English – Reading, writing, speaking and listening across three interlocking strands: Language, Literature and Literacy. V9 sharpened the focus on reading and placed greater explicit attention on phonics in the early years. Read the full V9 English guide.
Mathematics – Structured around three content strands and four proficiency strands, V9 Maths reduced content crowding and introduced a stronger explicit link between content descriptions and achievement standards. Read the full V9 Mathematics guide.
Science – Organised around Science Understanding, Science Inquiry Skills, and Science as a Human Endeavour. V9 placed greater emphasis on inquiry as a genuine investigative process rather than a formulaic procedure. Read the full V9 Science guide.
Humanities and Social Sciences (HASS) – HASS covers History, Geography, Economics and Business, and Civics and Citizenship in the one learning area for primary and lower secondary. V9 refined the inquiry skills framework that runs across all four subjects. Read the full V9 HASS guide.
The Arts – Covers five art forms: Dance, Drama, Media Arts, Music, and Visual Arts. Each is a distinct subject within the learning area. V9 updated the making-and-responding structure that applies across all five. Read the full V9 Music guide and the V9 Media Arts guide.
Technologies — Spans two distinct subjects: Design and Technologies, and Digital Technologies. Digital Technologies received the most significant update in V9, with explicit coding and computational thinking requirements from Foundation. Read the full V9 Digital Technologies guide.

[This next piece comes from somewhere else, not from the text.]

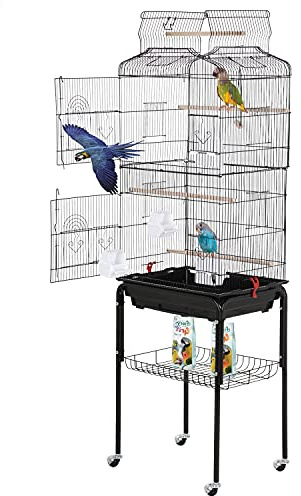 BestPet 64 inch Wrought Iron Bird Cage for Parakeets Medium Small Parrots Parakeet Cage with Detachable Rolling Stand & Play Open Top for Cockatiels Lovebird Finches Canaries (Black)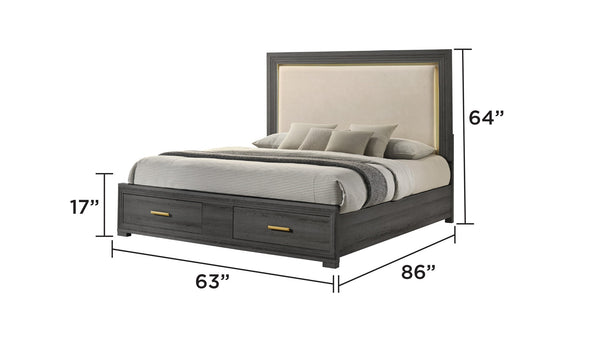 English Elm Colorado Queen Bedroom Set with Led Upholstered Headboard Wood Frame 5 Piece B009S02322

Health and Physical Education (HPE) – HPE was not part of the major 2022 restructure in the same way as other learning areas, though V9 made some updates to content descriptions and standards.

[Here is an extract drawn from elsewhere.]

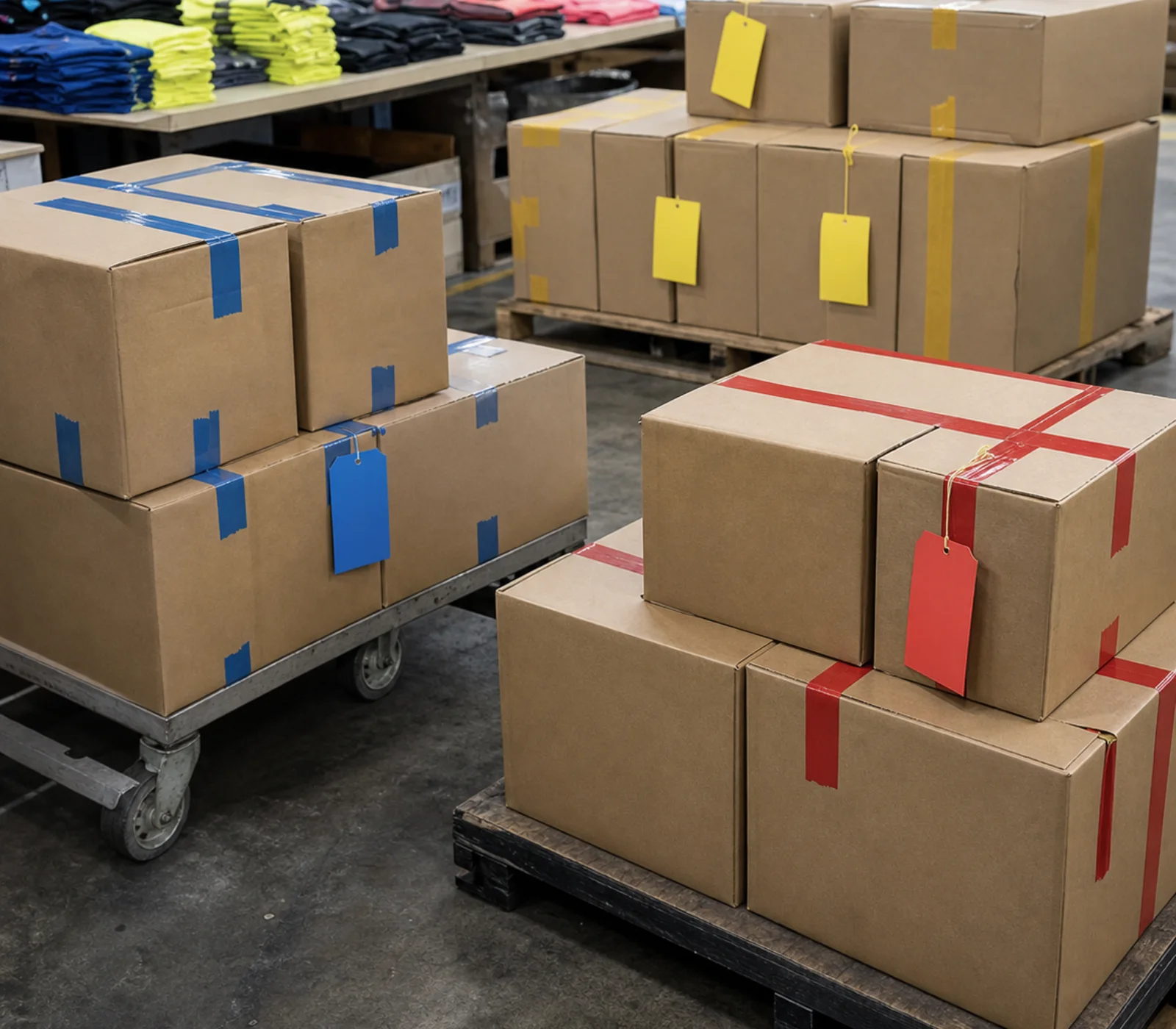 Groups of cartons separated by blue, yellow and red tape with plain untexted hangtags, folded garments on the bench behind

Languages – Languages is managed through a framework that covers a large number of individual languages taught across Australian schools. V9 updated the structure of the Languages framework, which applies across all languages taught.
General Capabilities and Cross-Curriculum Priorities
The eight learning areas are the bones of V9. General capabilities and cross-curriculum priorities are what holds it together.
General capabilities are skills and dispositions that students develop across all subjects, not in any single one. V9 identifies seven: Literacy, Numeracy, Digital Literacy, Critical and Creative Thinking, Personal and Social Capability, Ethical Understanding, and Intercultural Understanding. They appear as icons tagged to content descriptions across every learning area, signalling where teachers are expected to embed capability development into subject-specific teaching.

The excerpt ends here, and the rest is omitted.